--- Input material Enclosed Below ---

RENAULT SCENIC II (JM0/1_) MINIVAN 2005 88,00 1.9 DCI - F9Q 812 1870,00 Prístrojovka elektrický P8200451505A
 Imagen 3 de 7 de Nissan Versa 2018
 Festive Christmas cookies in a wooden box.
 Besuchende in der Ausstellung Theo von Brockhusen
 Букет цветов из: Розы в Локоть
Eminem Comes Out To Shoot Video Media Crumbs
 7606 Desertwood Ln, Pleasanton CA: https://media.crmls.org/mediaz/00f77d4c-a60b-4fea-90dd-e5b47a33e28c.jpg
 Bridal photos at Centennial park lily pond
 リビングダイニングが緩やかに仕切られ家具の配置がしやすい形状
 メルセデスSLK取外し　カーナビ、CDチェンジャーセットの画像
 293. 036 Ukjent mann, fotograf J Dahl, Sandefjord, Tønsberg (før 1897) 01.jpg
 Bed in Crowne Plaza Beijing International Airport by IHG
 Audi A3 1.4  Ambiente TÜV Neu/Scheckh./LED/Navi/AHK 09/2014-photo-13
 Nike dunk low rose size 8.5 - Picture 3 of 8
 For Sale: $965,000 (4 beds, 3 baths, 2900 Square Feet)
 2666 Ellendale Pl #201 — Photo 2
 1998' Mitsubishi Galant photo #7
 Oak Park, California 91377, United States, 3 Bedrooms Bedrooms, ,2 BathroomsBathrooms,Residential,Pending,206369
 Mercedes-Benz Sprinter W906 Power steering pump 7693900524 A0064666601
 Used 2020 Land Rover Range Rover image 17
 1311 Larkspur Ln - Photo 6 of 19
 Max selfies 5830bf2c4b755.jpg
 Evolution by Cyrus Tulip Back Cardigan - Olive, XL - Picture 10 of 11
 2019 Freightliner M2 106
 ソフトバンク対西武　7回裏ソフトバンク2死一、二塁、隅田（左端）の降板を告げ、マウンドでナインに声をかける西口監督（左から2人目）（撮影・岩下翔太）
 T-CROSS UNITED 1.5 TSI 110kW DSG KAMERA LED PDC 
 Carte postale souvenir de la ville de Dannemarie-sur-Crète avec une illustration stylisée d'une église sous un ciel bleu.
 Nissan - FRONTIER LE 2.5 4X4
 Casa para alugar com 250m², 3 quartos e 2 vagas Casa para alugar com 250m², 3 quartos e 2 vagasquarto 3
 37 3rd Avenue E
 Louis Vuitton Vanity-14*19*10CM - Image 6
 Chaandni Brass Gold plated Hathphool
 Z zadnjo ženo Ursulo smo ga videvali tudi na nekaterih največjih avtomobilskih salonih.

--- End of Enclosed Input material ---

[Directions] Out of the records above, pull each line containing the word "Picture".

[Result]
 Nike dunk low rose size 8.5 - Picture 3 of 8
 Evolution by Cyrus Tulip Back Cardigan - Olive, XL - Picture 10 of 11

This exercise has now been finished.